Looking back on it, I probably should have said no and been done with the whole affair. We're talking about sacrificing six years of memories. But we were also talking about giving Dwight Evans the celebration he deserves.
“What do I have to do? I broke the tape. It'll never work. What do I have to do? You can take everything. You can take my fahking whole life. You want to know about Lacy? I'll tell you everything. I only want to see Ray Knight strike out. Please.”
Bonigan smiled at the hobo as if to say, 'See? That wasn't so hard. Why cling to mind trifles?”
The hobo stared silently into the fire. Bullwhip turned to me.
“You want your sock back? You want Dewey to celebrate? Then you have to make it happen, Oggy. You have to strike out Ray Knight.”
This wasn't news to me. I'd been trying to strike Ray Knight out five years.
“But how? I can't even watch the game anymore. I don't know where Ray Knight lives. Poncho is gone. I have no money. I have nothing. Help me.”
To anger me, Bullwhip deliberately smelled Darcy's sock. The thought of his foul lips any where near Darcy's feet was repulsive to me. She gave the sock to me and only me. No one had the right to touch it. I was the one who kissed Rose McCorley. Me.

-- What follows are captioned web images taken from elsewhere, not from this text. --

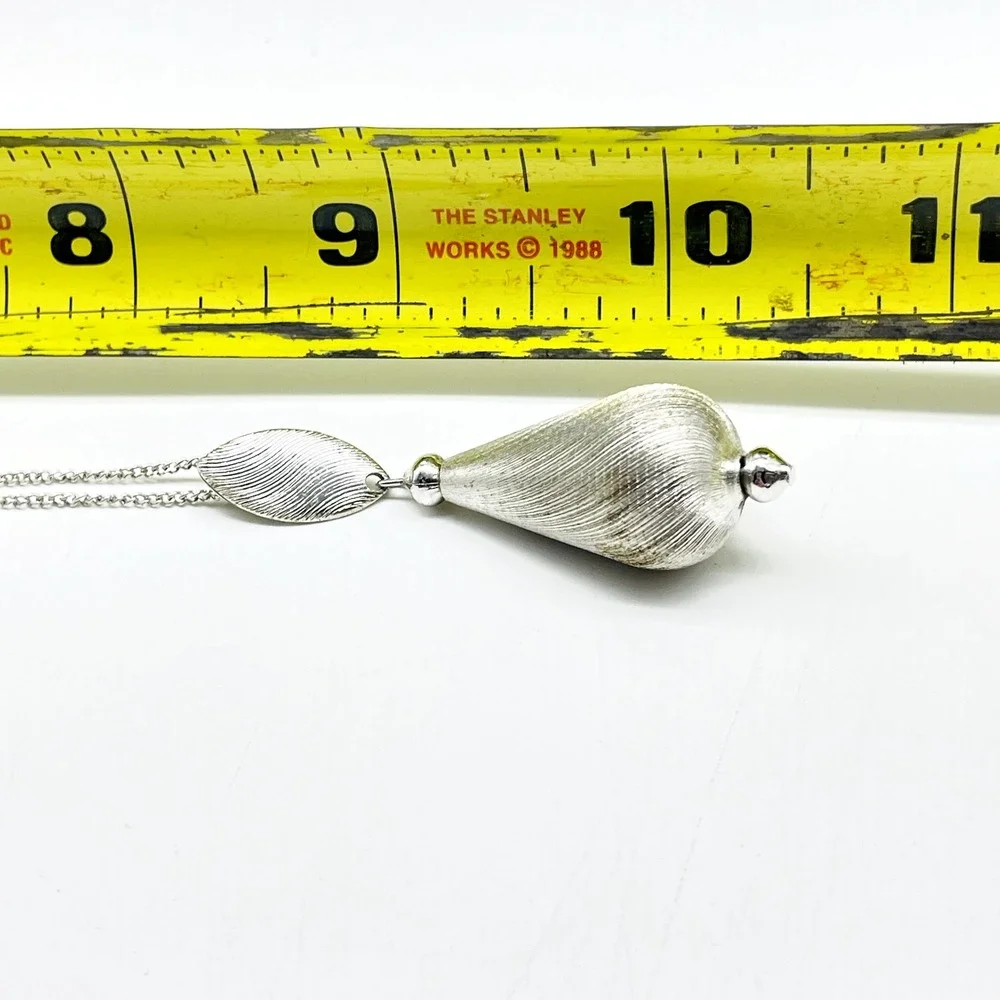 Sarah Coventry Pendant Necklace Silver Tone Faux Pearl Teardrop Signed Vintage
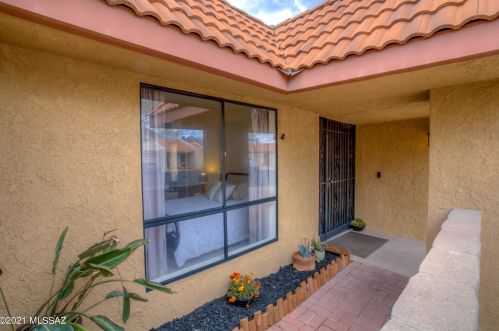 4676 Camino Rosa, Tucson, AZ 85718-4423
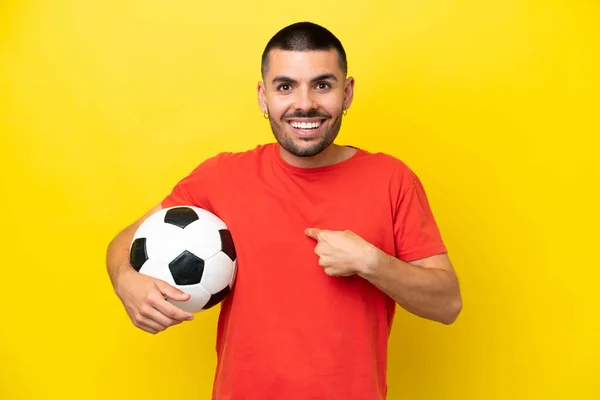 Jonge Blanke Man Voetballen Geïsoleerd Gele Achtergrond Met Verrassing Gezichtsuitdrukking — Stockfoto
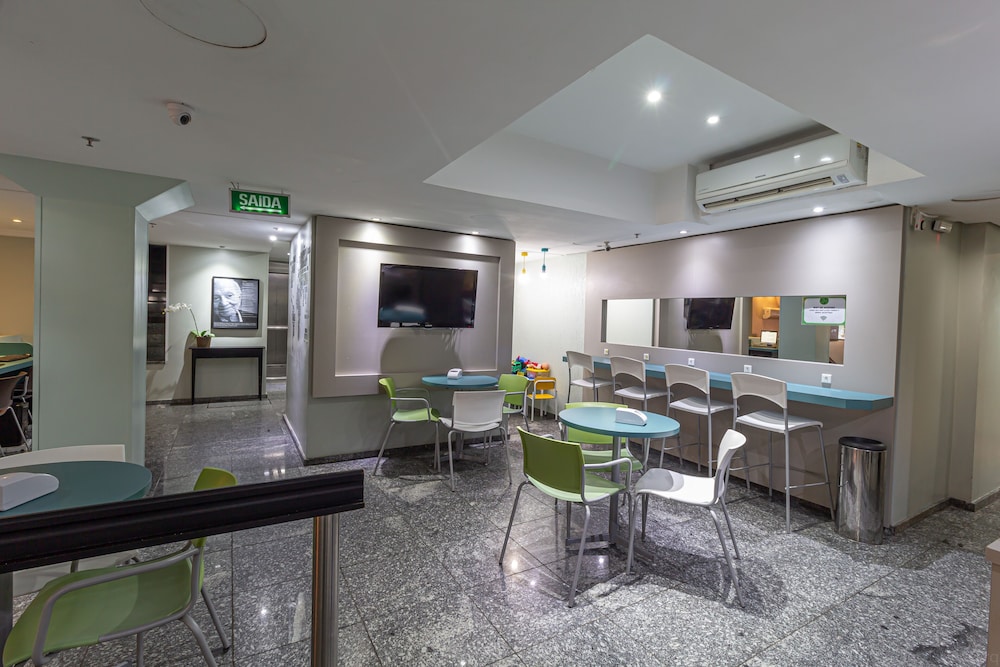 Eko Residence Hotel 56/69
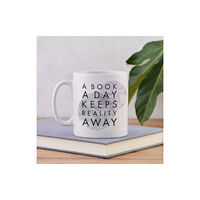 BOOKISHLY Literary Mug - "Book A Day Keeps Reality Away" - Marble Design (häftad, eng)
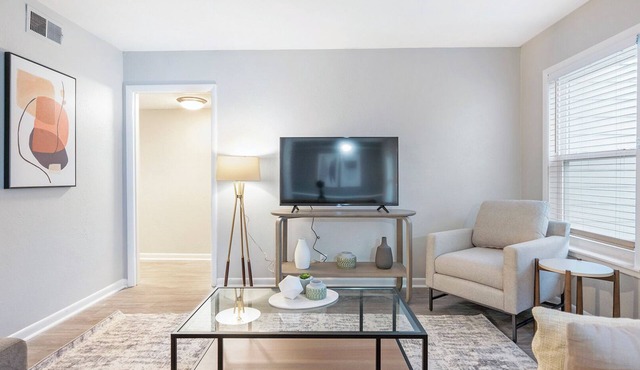 Modern Apartment in Prime Location (ID5954X7)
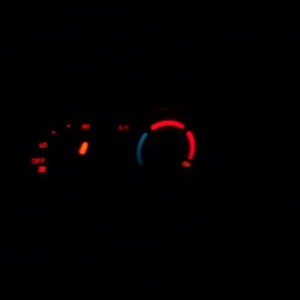 Should my ac direction knob be lit? 2001 DC PreRunner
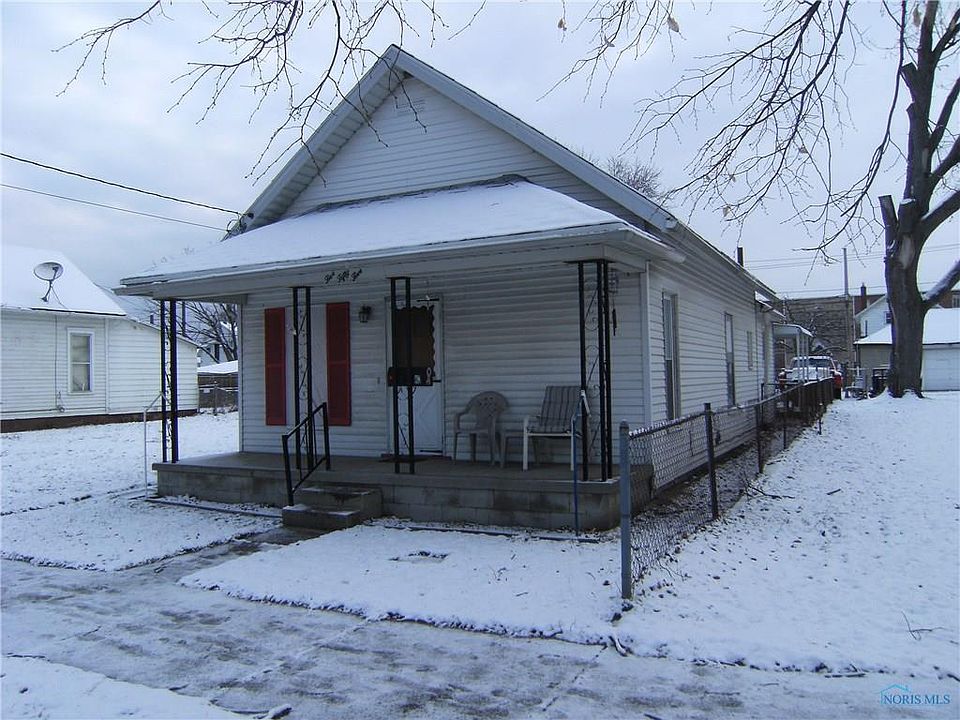 1st image of 555 Plymouth St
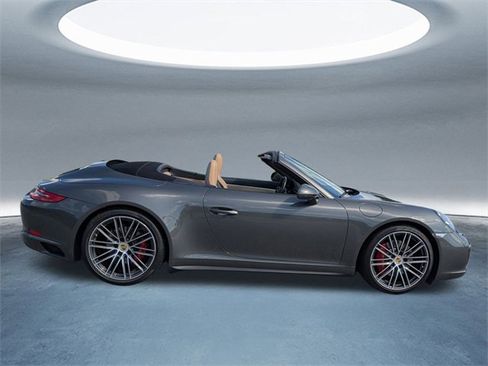 Used 2017 Porsche 911 Carrera 4S image 3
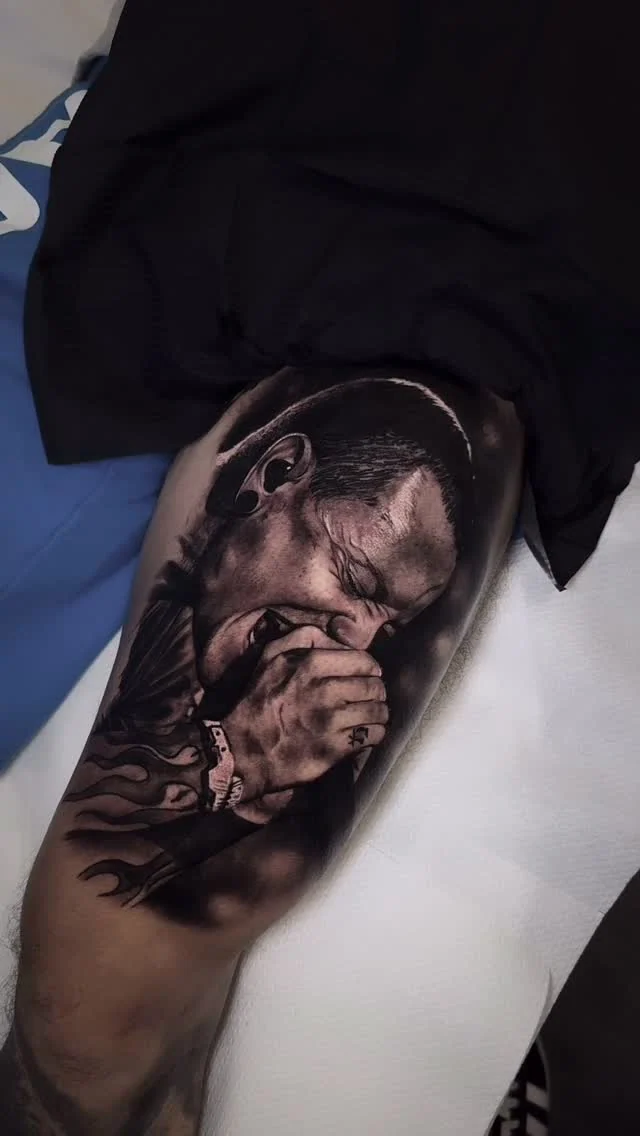 Black and grey portrait of Chester Bennington
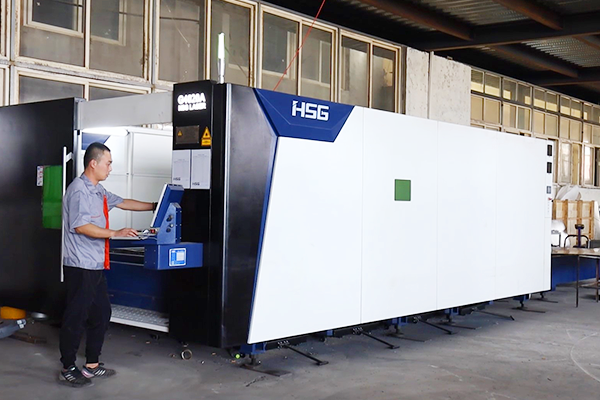 Metal sheet processing workshop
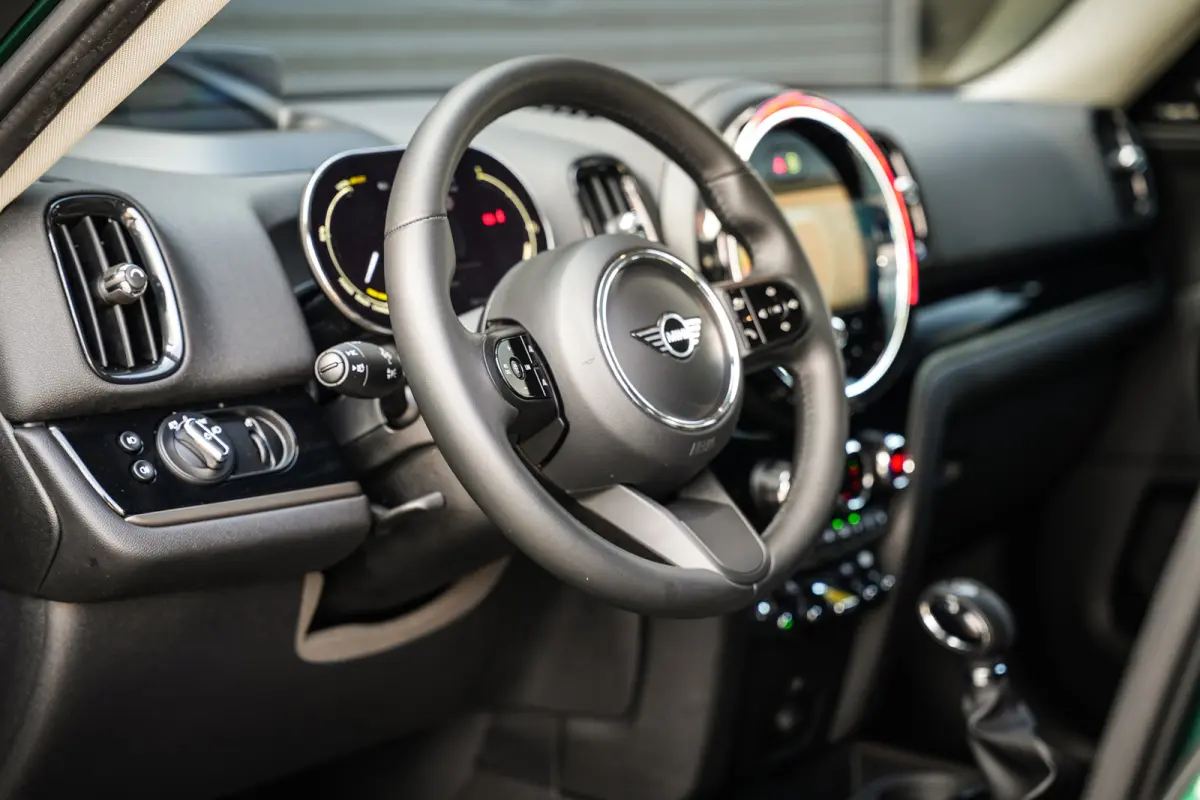 1.5 Cooper ALL4 Untamed Edition | Pano | Carplay | H&K | H.Leder | ACC | Groen metalic |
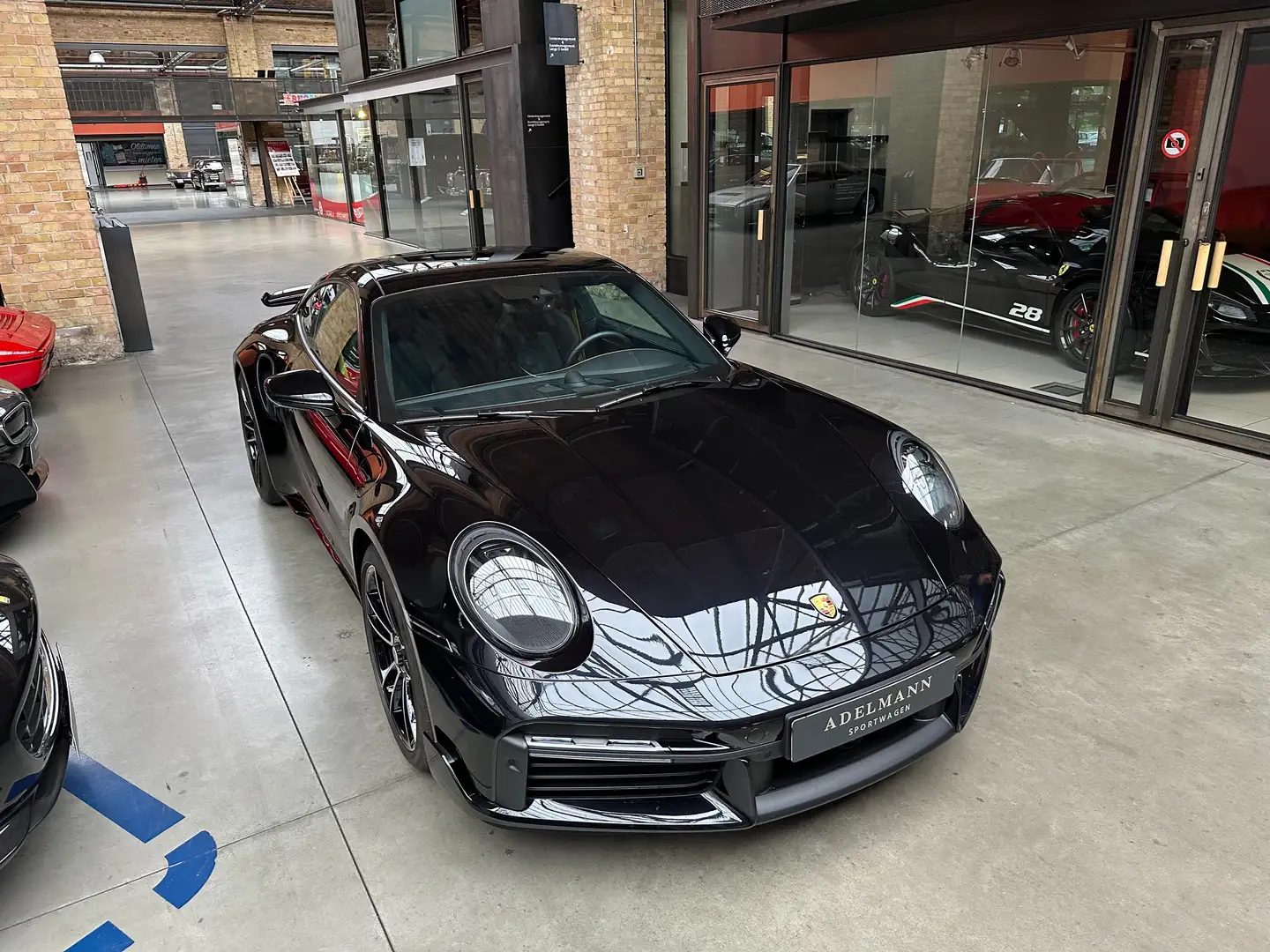 Porsche 992 911 Turbo Schwarz - 2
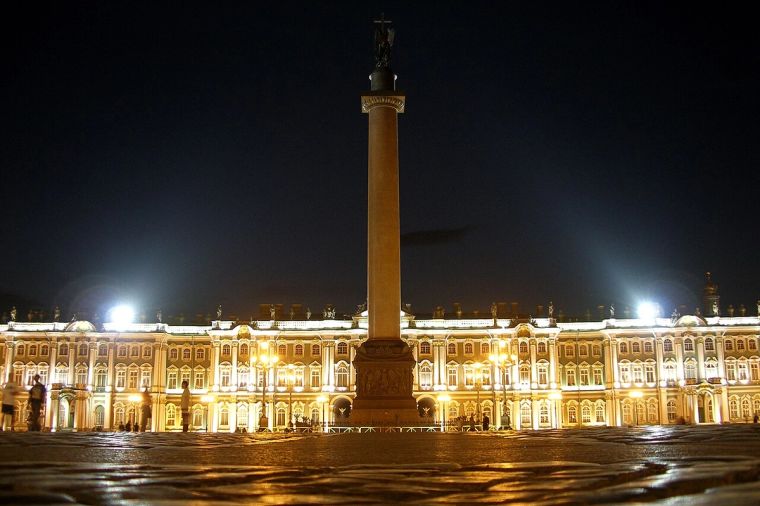 Kışlık Saray ve Saray Meydanı gece görünümü; 1905 Devrimi öncesi Petersburg’daki bürokrasi, siyasal kriz ve şiddet atmosferini çağrıştırıyor.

“Remember when we were kids and we only needed a bat and a ball to have a game?”
“Yes. A bat and a ball. Give me the sock.”
I reached for my sock but Bonigan stepped back.
“Wait. Nothing has changed, Oggy. You find the players and you make it happen. Then you can have your sock back. Then Dewey gets his win.”
Bonigan looked to the hobo for a moment as if to give him the same opportunity to bargain, but the hobo remained silent and ashamed. Bonigan then walked behind a pile of ash as he stashed Darcy's sock in his coat pocket leaving Mr. Buddy Holly freak and I alone. When I had gathered my thoughts I stood up, and as I trod over the dump in the direction of the entrance, I heard the hobo sing again to the rising flames. I recognized the song. “That'll be the day.” by Buddy Holly.